Sinan Ateş suikastı davasında yeni gelişmeler yaşanmaya devam ediyor. Ülkü Ocakları yöneticileri Emre Yüksel ve Tolgahan Demirbaş’ın çelişkili ifadeleri davayı karmaşık bir hale getirdi. Yüksel'in, savcılıkta verdiği ifadeyi daha sonra değiştirmesi dikkat çekti.
30 Aralık 2022'de Ankara'da öldürülen Sinan Ateş davasında yeni gelişmeler ortaya çıkmaya devam ediyor. Eski Ülkü Ocakları Genel Başkanı Sinan Ateş'in öldürülmesinin ardından tutuklanan Ülkü Ocakları yöneticileri Emre Yüksel ve Tolgahan Demirbaş’ın birbirleriyle çelişkili ifadeler verdiği belirlendi. Yüksel, savcılık aşamasında ifadesini değiştirdi.
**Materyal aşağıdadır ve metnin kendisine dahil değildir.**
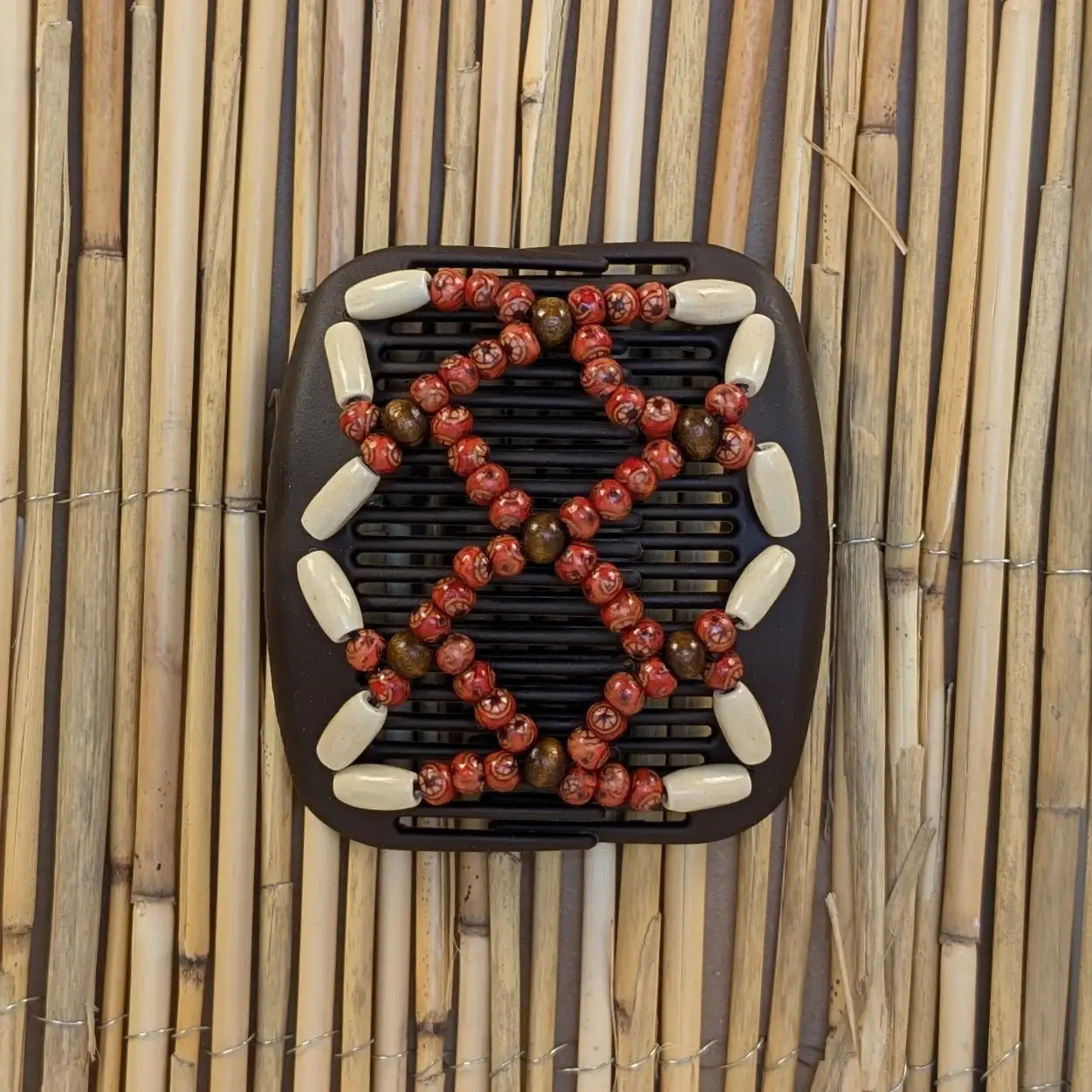 African Butterfly "Ndbele" mit creme-roten Holzperlen braun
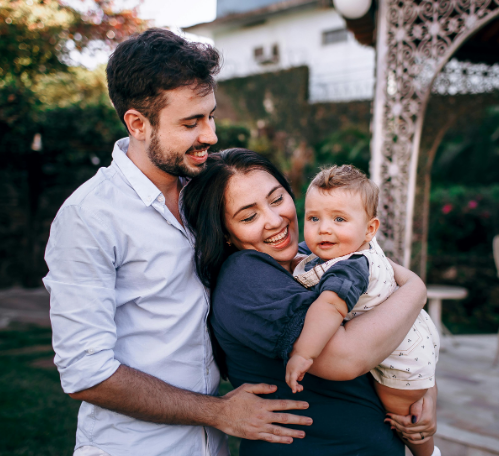 A happy couple embraces their baby in an outdoor garden, smiling warmly as they enjoy a tender family moment together.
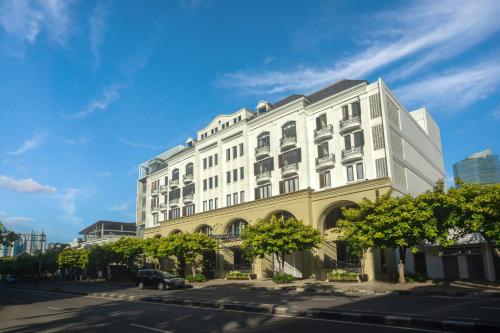 雅加达Hotel Des Indes Menteng的蓝天城市街道上的白色建筑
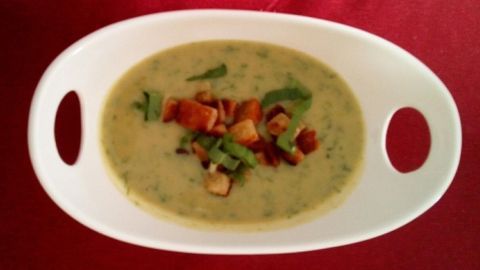 Eine cremige Bärlauch-Kartoffelsuppe wird in einer weißen Schüssel serviert, dekoriert mit knusprigem Speck und frischen Kräutern.
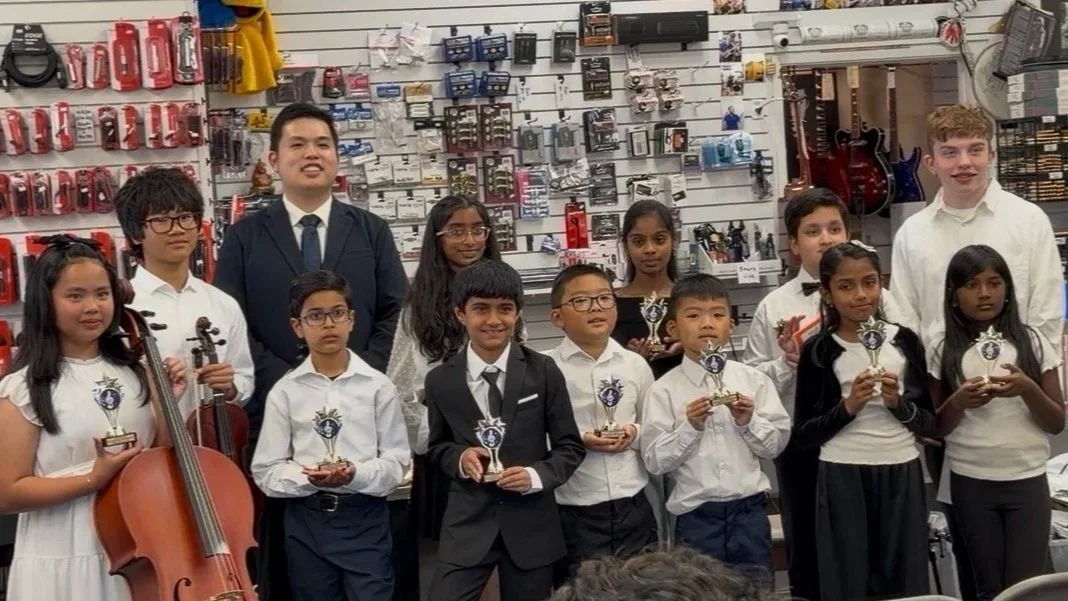 Group of children holding trophies, some wearing formal attire, in a music store with musical instruments and accessories on the walls.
Sinan Ateş cinayeti hakkında yapılan ihbar ortaya çıktı: Partiden birisini vuracağız
Ülkü Ocakları eski Genel Başkanı Sinan Ateş, 30 Aralık 2022'de Ankara'nın Çukurambar semtinde öldürüldü. Cinayet, Türkiye gündeminde geniş yer bulurken, olayla ilgili 22 kişi tutuklandı ve haklarında dava açıldı. Ancak davanın iddianamesi yoğun eleştirilere maruz kaldı ve her hafta yeni iddialar ortaya atıldı.
Cinayetten bir gün sonra, Ülkü Ocakları Genel Merkez yöneticisi Tolgahan Demirbaş’ın aracında yapılan aramada yedi kovan, 34 fişek, bir tabanca ve bir şarjör bulundu. Demirbaş ile Ülkü Ocakları Genel Başkan Yardımcısı Emre Yüksel’in birbirleriyle çelişkili ifadeler verdiği tespit edildi.
ÇELİŞKİLİ İFADELER VE SAVUNMALAR
Demirbaş, 1 Ocak 2023’teki ifadesinde, Ateş’in öldürüldüğü gün Emre Yüksel ile Gökçehöyük’teki göle gitmeyi planladıklarını söyledi. Ancak Yüksel’in ifadesinde bu bilgi yer almıyordu. Yüksel, Demirbaş ile cuma namazı sonrası karşılaştıklarını ve Hüsrev Lokantası'nda yemek yediklerini beyan etti. Demirbaş ise, “Her ne kadar Emre Yüksel arkadaşım cuma namazı sonrası karşılaştığımızı beyan etmiş ise de ortada bir yanlış anlaşılma vardır” dedi.
YÜKSEL’İN İFADESİNDEKİ DEĞİŞİKLİKLER
Daha sonra Emre Yüksel, savcılık ifadesinde önceki beyanını değiştirerek, “Ben daha önceki ifademde Tolgahan Demirbaş ile Gökçehöyük’te bulunan Aytaç Ataç’a ait çiftliğe gitme noktasında böyle bir hususun olmadığını söylemiş isem de biz o gün bu konuyu konuşmuştuk. O gün bu konu üzerine saat 13:00 sıralarında beni beklediğinden haberim yoktu. O bölgede konum çekmediğinden kendisi bana eşlik etmek için Gölbaşı istikametinde bulunan Kadoil Petrol Ofisi’nin önünde beni beklemiş. Kendisine misafirim olduğunu söyleyince kendisi de geri dönmüştür” dedi.
KAMERA GÖRÜNTÜLERİ VE DEMİRBAŞ’IN SAVUNMASI
Savcılık, benzinlik kamera görüntülerini inceleyerek saat 13:45 sıralarında Demirbaş’ın durduğunu ve motosikletten inen bir şahsın Demirbaş’ın kullandığı araca bindiğini tespit etti. Ancak Demirbaş, “Bana bahsetmiş olduğunuz motosiklet, benim aracıma yanaşarak durmamıştır ve benim aracıma kimse binmemiştir. Kamera kayıtlarındaki araç benim aracım değildir. Söylediğim gibi ben lastiklerimi şişirmek için Shell isimli petrol ofisine giderek lastikleri şişirdim. Beyan ettiğiniz gibi her ne kadar kamera görüntülerinde görülmemiş ise de, ben beyanlarımın arkasındayım” dedi.